Monday, June 8, 2009

Summer Travel Tips for the Deep South

Tip #1. Make sure the air conditioning is working in your car. If your car does not have air conditioning, rent one that does. Don't even think you can make it with the windows down. It's so humid that your sweat will NOT evaporate. And when you have to roll up the windows during rain, the condensation will fog up inside the windows. You will feel like you're going to suffocate. The cooling of the air conditioning is good, but its main function is to remove humidity from the air. Southern air is thick like a blanket in July and August.

Tip #2. Stay in cabins, not tents. Once you arrive as far south as Kentucky, give up the idea of tent camping and find state parks with cabins to rent. My friend from Kentucky says it's too hot to sleep and the mosquitoes will also keep you awake all night. (Hope to find links for state parks to include here.)

Tip #3. Drink lots of water. When sightseeing in the south, always carry a bottle of water with you. Heat exhaustion will ruin your day, and staying hydrated will help prevent it. (Although I've lived in the south for most of my life, I get heat exhaustion very easily and it's made me pretty sick once or twice.)

Tip #4. Sunburn. People from northern climates often have an idea that the sun is their friend. This is NOT true in the southern United States. If you are sightseeing outdoors, wear a hat with a wide brim, sunscreen, loose, light-colored clothing. Clothes that cover your shoulders and arms to the elbow, as well as legs to the knee, will be cooler than clothes that expose more skin. In a very short time, it's possible to get a sunburn that will make you run a fever. Even overcast (cloudy) days can give you a bad sunburn.
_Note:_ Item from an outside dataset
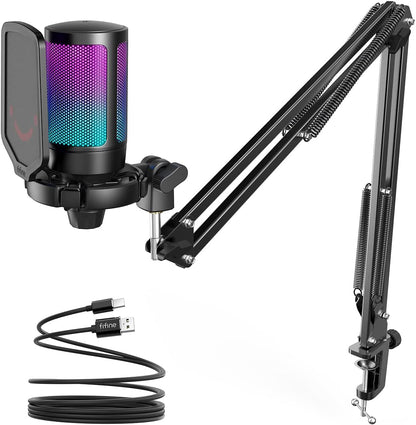 Pro Studio USB Condenser Microphone - Befez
Tip #5. Bring a light sweater, jacket, or long-sleeved shirt. Paradoxically, this is a warning about being cold in the Deep South summer. Restaurants and dance halls with air conditioning may be cold. The dancers don't want to sweat too much, and a high level of air conditioning is needed to cool the kitchens enough for people to work there. If you are dancing, you won't be cold; but if you are just sitting, and not used to air conditioning, you might need your sweater.